On 08/12/2022 15:02, Jani Nikula wrote:
On Thu, 08 Dec 2022, "Vivi, Rodrigo" <rodrigo.vivi@xxxxxxxxx> wrote:
On Thu, 2022-12-08 at 14:32 +0200, Jani Nikula wrote:
On Thu, 08 Dec 2022, Andrzej Hajda <andrzej.hajda@xxxxxxxxx> wrote:
Simplify the code.
Personally, I absolutely hate fetch_and_zero().
I understand the point, but there are two main traps:
First, the name implies atomicity, which there is none at all.
Second, the name implies it's part of a kernel core header, which it
isn't, and this just amplifies the first point.
It's surprising and misleading, and those are not things I like about
interfaces in the kernel.
I would not like to see this proliferate. If fetch_and_zero() was
atomic
*and* part of a core kernel header, it would be a different matter.
But
I don't think that's going to happen, exactly because it won't be
atomic
and the name implies it is.
+1 here.
Please let's go the other way around and try to kill macros like this.
we either kill or we ensure this gets accepted in the core kernel
libraries.
Agreed.

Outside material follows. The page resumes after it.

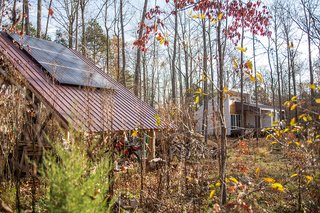 Since the house is miles away from the electrical grid, it needed to be self sustaining. Solar panels provide power and Brun and Esparza engineered the structure to be green from the get go. "The building is high-performance and energy-efficient because of its insulation," Brun says. "There are operable windows in every single room in the house, which actually reduces electricity use since it cuts down the need for artificial lighting. Once we reduced the electricity need in the house, we then went through the active strategies which are solar panels and the heat exchange system."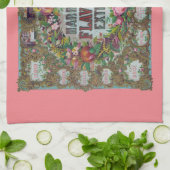 Linge De Cuisine Fruit à fleurs victorienne cuisson pêche rose vint (Plié)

I'd be fine with either:
1) Get something like this accepted in core kernel headers:
#define fetch_and_zero(ptr) xchg(ptr, 0)
2) Do this in i915:
@@
expression E;
@@
- fetch_and_zero(E)
+ xchg(E, 0)
We don't need atomic so both solution would IMO be bad.
We could propose __fetch_and_zero and fetch_and_zero, to mimic
__set_bit/set_bit&co for some consistency in terms of atomic vs
non-atomic API flavour?
Assuming of course people will think that the long-ish name of the
utility macro brings an overall positive cost benefit.
Worth a try I guess.
First step I think we need a cocci script for finding the open coded
"fetch and zero" pattern. Not my forte but I can try if no one else has
an immediate solution or desire to drive the attempt.